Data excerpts
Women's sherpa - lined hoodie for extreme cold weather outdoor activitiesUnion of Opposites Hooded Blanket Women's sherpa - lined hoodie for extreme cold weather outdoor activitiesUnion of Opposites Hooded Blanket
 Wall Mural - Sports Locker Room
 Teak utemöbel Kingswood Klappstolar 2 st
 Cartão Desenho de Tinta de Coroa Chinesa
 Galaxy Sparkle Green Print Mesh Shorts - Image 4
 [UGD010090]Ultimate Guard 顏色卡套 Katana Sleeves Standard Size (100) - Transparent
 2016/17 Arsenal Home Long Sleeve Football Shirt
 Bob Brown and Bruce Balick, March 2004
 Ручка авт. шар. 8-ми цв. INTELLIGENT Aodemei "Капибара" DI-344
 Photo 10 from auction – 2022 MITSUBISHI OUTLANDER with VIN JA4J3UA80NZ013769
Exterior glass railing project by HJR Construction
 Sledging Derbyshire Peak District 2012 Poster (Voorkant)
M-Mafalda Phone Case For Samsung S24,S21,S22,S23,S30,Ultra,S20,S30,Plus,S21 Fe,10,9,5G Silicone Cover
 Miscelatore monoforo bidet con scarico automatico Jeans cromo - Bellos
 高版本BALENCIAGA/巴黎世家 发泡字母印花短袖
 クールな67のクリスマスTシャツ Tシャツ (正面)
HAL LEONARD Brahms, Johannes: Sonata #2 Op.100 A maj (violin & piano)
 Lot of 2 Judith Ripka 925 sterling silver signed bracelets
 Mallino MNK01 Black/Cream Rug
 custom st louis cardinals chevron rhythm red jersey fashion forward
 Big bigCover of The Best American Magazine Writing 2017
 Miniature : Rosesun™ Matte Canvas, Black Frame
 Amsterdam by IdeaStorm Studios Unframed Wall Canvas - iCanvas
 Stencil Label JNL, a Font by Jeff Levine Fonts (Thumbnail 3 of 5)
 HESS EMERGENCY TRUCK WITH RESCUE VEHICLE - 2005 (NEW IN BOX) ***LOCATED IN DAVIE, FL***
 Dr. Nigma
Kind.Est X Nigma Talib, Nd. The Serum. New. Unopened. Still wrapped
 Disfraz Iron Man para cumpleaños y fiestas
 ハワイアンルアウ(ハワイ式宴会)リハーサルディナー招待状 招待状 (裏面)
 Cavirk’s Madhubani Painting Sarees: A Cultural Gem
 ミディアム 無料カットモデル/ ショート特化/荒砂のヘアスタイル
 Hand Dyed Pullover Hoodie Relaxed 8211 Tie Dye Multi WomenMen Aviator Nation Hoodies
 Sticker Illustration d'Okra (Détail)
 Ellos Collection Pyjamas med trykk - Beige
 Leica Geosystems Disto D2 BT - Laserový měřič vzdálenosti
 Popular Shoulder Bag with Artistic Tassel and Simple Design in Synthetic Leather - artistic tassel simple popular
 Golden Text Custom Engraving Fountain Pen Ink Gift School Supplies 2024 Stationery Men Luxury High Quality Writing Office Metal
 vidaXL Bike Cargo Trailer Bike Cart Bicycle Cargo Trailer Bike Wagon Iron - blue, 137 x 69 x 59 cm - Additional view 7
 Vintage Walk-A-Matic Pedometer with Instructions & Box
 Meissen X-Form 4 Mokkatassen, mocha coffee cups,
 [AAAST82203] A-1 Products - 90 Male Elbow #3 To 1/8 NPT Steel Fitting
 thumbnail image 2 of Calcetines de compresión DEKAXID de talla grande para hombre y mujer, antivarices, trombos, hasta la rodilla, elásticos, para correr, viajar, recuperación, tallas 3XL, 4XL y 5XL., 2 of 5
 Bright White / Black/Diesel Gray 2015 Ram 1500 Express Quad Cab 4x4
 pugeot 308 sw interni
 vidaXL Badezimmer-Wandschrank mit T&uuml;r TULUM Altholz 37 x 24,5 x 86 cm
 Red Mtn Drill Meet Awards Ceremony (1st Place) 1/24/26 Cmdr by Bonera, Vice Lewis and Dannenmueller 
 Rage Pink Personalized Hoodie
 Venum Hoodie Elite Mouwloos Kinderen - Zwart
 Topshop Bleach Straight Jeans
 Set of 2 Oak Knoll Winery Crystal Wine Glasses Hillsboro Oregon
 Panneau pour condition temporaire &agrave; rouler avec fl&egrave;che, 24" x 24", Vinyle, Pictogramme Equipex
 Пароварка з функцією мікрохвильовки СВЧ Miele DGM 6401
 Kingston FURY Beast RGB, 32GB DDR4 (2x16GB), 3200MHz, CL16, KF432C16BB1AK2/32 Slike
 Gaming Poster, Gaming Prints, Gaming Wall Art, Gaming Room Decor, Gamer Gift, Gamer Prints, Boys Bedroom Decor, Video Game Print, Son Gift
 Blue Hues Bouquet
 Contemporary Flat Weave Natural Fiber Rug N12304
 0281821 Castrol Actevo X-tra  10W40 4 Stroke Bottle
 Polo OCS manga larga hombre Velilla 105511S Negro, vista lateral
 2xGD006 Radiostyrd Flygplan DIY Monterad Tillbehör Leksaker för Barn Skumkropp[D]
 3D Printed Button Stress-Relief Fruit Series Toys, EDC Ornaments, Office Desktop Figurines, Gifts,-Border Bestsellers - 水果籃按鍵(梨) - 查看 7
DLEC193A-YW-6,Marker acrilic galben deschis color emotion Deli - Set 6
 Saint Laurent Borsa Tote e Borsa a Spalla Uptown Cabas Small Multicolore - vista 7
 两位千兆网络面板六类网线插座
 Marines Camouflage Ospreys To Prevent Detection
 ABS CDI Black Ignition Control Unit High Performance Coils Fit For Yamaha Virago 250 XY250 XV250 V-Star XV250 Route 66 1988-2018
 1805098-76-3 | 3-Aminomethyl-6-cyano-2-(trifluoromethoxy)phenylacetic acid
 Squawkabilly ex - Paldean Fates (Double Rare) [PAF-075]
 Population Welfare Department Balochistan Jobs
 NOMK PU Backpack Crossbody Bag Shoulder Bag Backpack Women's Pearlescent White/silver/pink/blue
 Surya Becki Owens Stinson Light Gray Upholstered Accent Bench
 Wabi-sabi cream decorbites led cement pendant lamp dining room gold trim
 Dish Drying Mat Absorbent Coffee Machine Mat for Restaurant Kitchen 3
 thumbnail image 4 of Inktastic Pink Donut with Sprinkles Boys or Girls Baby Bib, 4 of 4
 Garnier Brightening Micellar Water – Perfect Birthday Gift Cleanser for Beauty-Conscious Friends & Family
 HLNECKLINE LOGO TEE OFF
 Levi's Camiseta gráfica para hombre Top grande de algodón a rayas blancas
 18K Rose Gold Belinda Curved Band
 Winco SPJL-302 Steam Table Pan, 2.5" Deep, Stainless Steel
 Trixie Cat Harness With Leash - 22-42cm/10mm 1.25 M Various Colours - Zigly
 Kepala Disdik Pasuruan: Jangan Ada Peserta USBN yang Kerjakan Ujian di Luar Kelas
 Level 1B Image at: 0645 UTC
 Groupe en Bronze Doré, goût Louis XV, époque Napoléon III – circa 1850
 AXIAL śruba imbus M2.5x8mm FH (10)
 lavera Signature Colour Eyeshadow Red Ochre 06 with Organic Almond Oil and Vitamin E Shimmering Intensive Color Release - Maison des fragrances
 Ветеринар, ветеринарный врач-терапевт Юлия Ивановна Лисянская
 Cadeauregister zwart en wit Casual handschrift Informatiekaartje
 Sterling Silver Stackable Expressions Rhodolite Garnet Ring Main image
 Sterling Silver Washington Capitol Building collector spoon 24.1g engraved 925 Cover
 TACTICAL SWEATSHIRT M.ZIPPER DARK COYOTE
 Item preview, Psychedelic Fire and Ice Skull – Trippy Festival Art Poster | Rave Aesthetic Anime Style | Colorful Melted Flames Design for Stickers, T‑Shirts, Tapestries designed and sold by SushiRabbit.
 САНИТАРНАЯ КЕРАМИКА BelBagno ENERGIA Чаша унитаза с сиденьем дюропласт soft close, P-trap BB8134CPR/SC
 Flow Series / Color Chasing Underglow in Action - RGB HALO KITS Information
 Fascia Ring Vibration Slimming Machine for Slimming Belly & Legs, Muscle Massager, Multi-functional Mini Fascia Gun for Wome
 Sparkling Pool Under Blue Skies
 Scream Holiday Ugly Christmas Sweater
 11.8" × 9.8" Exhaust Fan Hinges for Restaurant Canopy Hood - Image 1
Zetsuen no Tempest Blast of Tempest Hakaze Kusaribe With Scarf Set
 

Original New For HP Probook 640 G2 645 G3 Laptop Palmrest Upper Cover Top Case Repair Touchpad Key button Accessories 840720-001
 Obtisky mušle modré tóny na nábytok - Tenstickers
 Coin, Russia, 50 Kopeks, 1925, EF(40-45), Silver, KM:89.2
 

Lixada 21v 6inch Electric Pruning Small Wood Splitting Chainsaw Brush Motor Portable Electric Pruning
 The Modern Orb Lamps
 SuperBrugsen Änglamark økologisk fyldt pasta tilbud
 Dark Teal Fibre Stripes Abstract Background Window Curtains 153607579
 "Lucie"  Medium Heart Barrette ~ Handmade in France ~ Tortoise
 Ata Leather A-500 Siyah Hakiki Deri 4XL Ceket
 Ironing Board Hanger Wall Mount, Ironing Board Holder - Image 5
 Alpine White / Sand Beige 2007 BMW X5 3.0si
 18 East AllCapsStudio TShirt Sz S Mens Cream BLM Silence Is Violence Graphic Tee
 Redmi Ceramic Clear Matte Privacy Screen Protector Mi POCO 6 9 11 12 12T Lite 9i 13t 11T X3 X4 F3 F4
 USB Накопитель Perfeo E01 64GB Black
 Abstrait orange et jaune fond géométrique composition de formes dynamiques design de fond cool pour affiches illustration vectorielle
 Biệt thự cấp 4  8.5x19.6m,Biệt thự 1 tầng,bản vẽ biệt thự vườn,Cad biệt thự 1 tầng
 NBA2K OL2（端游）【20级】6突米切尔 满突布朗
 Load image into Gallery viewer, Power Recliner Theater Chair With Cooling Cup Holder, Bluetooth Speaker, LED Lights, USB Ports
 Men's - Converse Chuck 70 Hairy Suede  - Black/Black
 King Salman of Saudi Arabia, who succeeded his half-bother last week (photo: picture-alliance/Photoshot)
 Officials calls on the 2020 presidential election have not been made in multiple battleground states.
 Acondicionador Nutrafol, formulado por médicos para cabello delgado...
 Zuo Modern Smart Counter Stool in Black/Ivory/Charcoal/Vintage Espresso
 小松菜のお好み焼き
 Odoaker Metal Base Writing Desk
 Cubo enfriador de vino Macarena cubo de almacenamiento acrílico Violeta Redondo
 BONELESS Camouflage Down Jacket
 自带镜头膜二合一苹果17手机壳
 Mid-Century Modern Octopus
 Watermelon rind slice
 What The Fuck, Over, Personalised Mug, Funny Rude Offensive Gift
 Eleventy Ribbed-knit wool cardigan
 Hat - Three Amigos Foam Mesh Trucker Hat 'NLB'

- **Problem details**: Return each line of the entries that holds the string "Mesh".

- **Exercise response**:
 Galaxy Sparkle Green Print Mesh Shorts - Image 4
 Hat - Three Amigos Foam Mesh Trucker Hat 'NLB'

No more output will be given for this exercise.